[WHAT IS NEEDED]
Return the following from the records below: each line, word for word, starting with the line that contains "Tool Belt Pouch, Multiple" and going on through the line that contains "Portefeuille pliant à", with nothing outside that range.

[DATASET RECORDS]
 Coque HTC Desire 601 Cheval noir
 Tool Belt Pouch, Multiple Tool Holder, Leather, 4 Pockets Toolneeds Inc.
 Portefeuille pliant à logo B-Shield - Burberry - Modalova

...

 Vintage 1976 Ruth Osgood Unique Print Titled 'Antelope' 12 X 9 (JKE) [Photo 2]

...

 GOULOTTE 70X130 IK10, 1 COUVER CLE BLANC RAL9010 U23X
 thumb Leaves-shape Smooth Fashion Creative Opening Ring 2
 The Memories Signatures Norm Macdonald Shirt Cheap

[EXPECTED OUTPUT]
 Tool Belt Pouch, Multiple Tool Holder, Leather, 4 Pockets Toolneeds Inc.
 Portefeuille pliant à logo B-Shield - Burberry - Modalova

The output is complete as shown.